Mixité et services publics, horizons de Borne pour les quartiers populaires

  • Elisabeth Borne a dévoilé vendredi une seconde salve de mesures pour les quartiers populaires, visant à y enrayer la concentration de la pauvreté, s'attirant des critiques de la gauche et du monde associatif
  • La Première ministre a dégainé une mesure-choc: la consigne donnée aux préfets de ne plus attribuer de logements à certains ménages bénéficiant du droit au logement opposable dans ces quartiers, au nom de la mixité sociale

CHANTELOUP-LES-VIGNES, France : Au lendemain d'annonces sécuritaires en réponse aux émeutes de l'été, Elisabeth Borne a dévoilé vendredi une seconde salve de mesures pour les quartiers populaires, visant à y enrayer la concentration de la pauvreté, s'attirant des critiques de la gauche et du monde associatif.

Mixité sociale, emploi, services publics, transition écologique: à l'issue du Comité interministériel des villes (CIV) tenu à Chanteloup-les-Vignes, commune populaire des Yvelines, la Première ministre a dessiné quatre axes de l'action sociale du gouvernement pour résorber les difficultés des quartiers prioritaires.

La veille, elle avait fait une première série d'annonces, plutôt sécuritaires, quatre mois après la vague d'émeutes déclenchée par la mort du jeune Nahel, tué par un policier lors d'un contrôle routier à Nanterre.

Les élus de ces quartiers, en première ligne lors des émeutes de l'été, attendaient avec impatience ce comité, reporté à plusieurs reprises.

Ils doivent négocier avec l'Etat, d'ici au 31 mars prochain, le cadre de la politique de la ville sur leur territoire jusqu'en 2030.

À Chanteloup, dont plus de la moitié des habitants vivent dans un quartier prioritaire de la politique de la ville (QPV), la Première ministre a dégainé une mesure-choc: la consigne donnée aux préfets de ne plus attribuer de logements à certains ménages bénéficiant du droit au logement opposable dans ces quartiers, au nom de la mixité sociale.

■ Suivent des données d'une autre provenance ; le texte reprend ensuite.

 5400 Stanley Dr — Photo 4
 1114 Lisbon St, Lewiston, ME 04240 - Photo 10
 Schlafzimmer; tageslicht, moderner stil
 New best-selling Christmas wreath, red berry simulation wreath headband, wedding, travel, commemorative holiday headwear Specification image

«Toutes les difficultés ne doivent pas être rassemblées au même endroit. La mixité est une chance. Elle est nécessaire», a-t-elle martelé.

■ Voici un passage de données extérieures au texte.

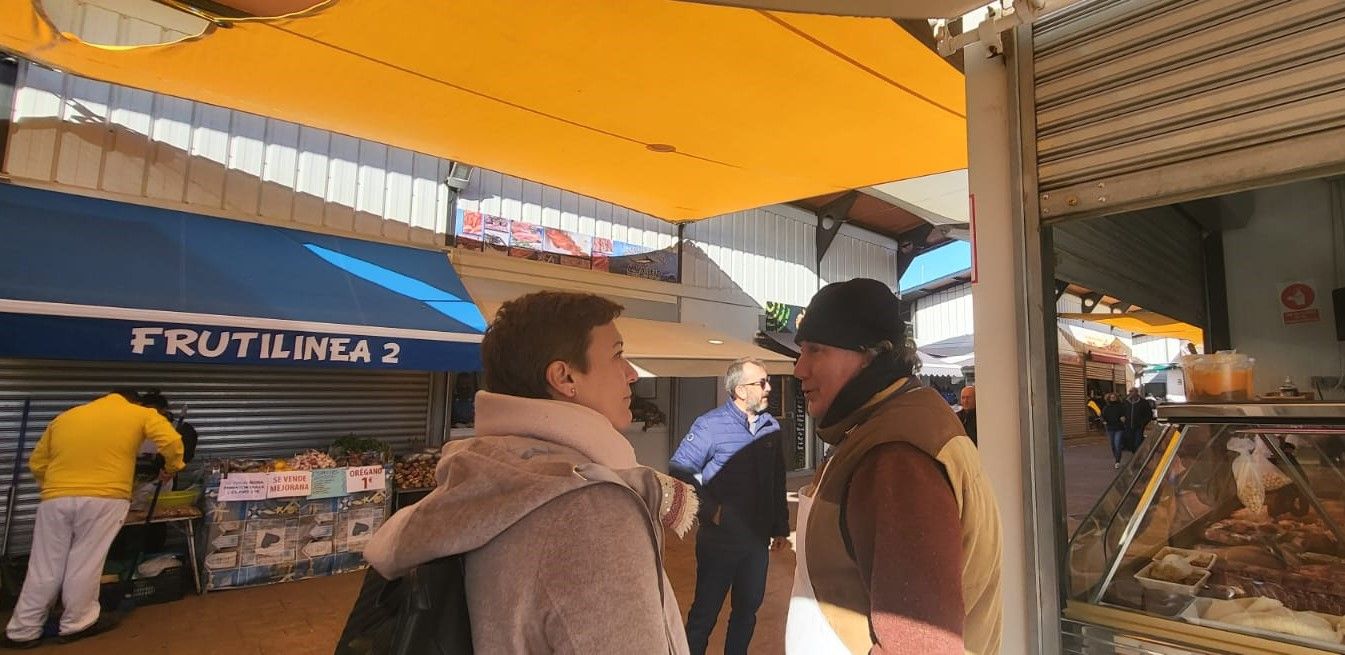 Gemma Araujo y Luis Gil, en una visita al mercado.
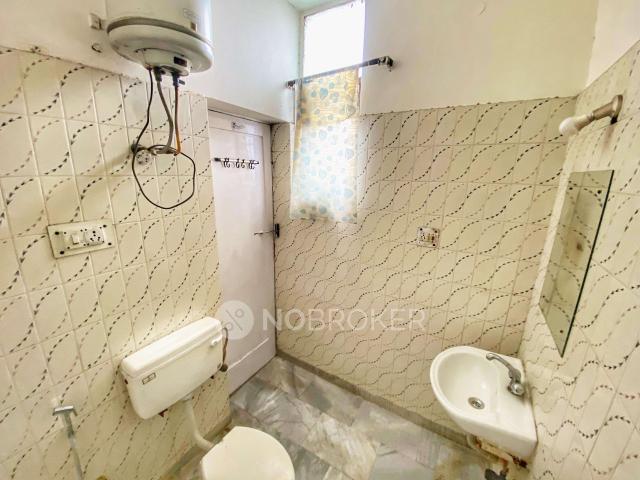 Property for rent in Deri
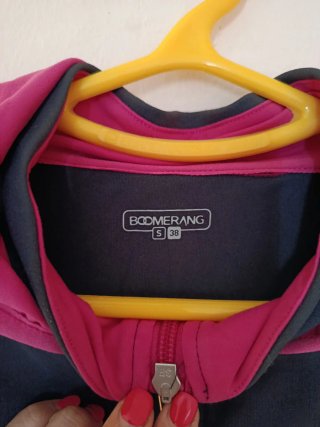 Chaqueta deportiva boomerang negra y rosa. Capucha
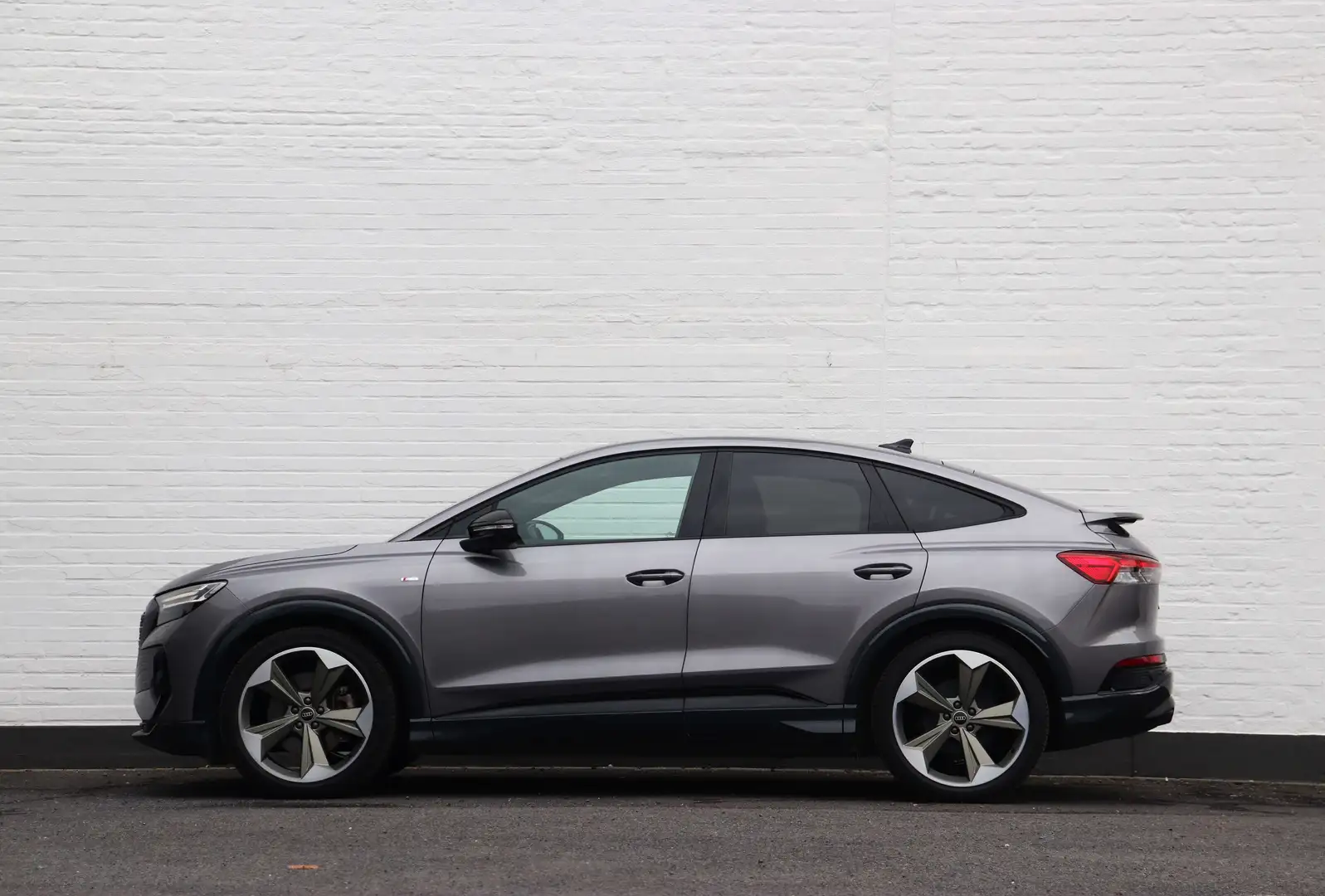 Audi Q4 e-tron 50 SB Quattro S-line - Matrix/SONOS/Keyless/HUD/21 Gris - 2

Les ménages «Dalo», pour «droit au logement opposable», disposent d'un droit au logement reconnu par une commission de médiation ou la justice, et doivent être prioritaires dans l'attribution de logements sociaux.

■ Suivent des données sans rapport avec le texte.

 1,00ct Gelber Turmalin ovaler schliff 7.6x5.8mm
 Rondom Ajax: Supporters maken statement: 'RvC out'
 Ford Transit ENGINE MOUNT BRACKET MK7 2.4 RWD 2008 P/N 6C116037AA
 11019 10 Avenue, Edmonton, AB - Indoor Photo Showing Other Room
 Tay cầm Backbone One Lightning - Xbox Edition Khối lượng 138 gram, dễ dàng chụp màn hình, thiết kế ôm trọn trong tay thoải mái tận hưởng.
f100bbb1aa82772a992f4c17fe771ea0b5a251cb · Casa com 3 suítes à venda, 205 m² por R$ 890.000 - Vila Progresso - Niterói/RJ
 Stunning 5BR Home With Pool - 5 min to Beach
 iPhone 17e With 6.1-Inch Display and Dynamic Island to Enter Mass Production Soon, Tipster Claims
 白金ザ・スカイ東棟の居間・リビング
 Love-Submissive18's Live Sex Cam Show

Près de 35.000 ont obtenu la reconnaissance de ce droit en 2022, et plus de 93.000 restent en attente d'un relogement malgré cette reconnaissance, en grande majorité en région parisienne.

Seuls les plus précaires seront concernés par la mesure, a-t-on précisé au ministère du Logement, et se verront octroyer des logements sociaux hors QPV.

Les préfets devront également stopper la création de nouvelles places d'hébergement d'urgence, destinées aux personnes sans domicile, dans ces mêmes quartiers.

La mesure a ulcéré à gauche et au sein des associations contre le mal-logement.

«Punir les ménages prioritaires Dalo à cause des émeutes, quel contre-sens abyssal !», s'est emporté sur X (ex-Twitter) le directeur des études de la Fondation Abbé Pierre, Manuel Domergue. «Cette décision (illégale !) leur barrerait l'accès à un tiers du parc HLM», a-t-il soutenu.

«Ce qui favoriserait la +mixité sociale+ ce serait que les maires voyous qui refusent de respecter la loi SRU (instaurant des quotas de logements sociaux par commune, NDLR) soient sanctionnés sévèrement, et obligés d'en construire», a affirmé sur le même réseau le député LFI François Piquemal.

- «Testing» relancé -

Parmi les autres mesures annoncées par Matignon, un programme «Entrepreneuriat Quartiers 2030», doté de 456 millions d'euros sur quatre ans, visant à favoriser la création d'entreprises dans les QPV.

Pour lutter contre les discriminations à l'embauche, au logement ou dans l'accès aux prêts bancaires, le gouvernement va également lancer «dès 2024 des opérations de testing massives», a annoncé la cheffe du gouvernement.

Le «testing» consiste à envoyer au même employeur, bailleur ou banquier des CV ou dossiers de personnes différenciées seulement par un point pouvant faire l'objet de discrimination (couleur de peau, nom à consonance étrangère, adresse, handicap...).

Pilotée par la délégation interministérielle à la lutte contre le racisme (Dilcrah), cette politique visera «à terme 500 entreprises par an», selon Matignon.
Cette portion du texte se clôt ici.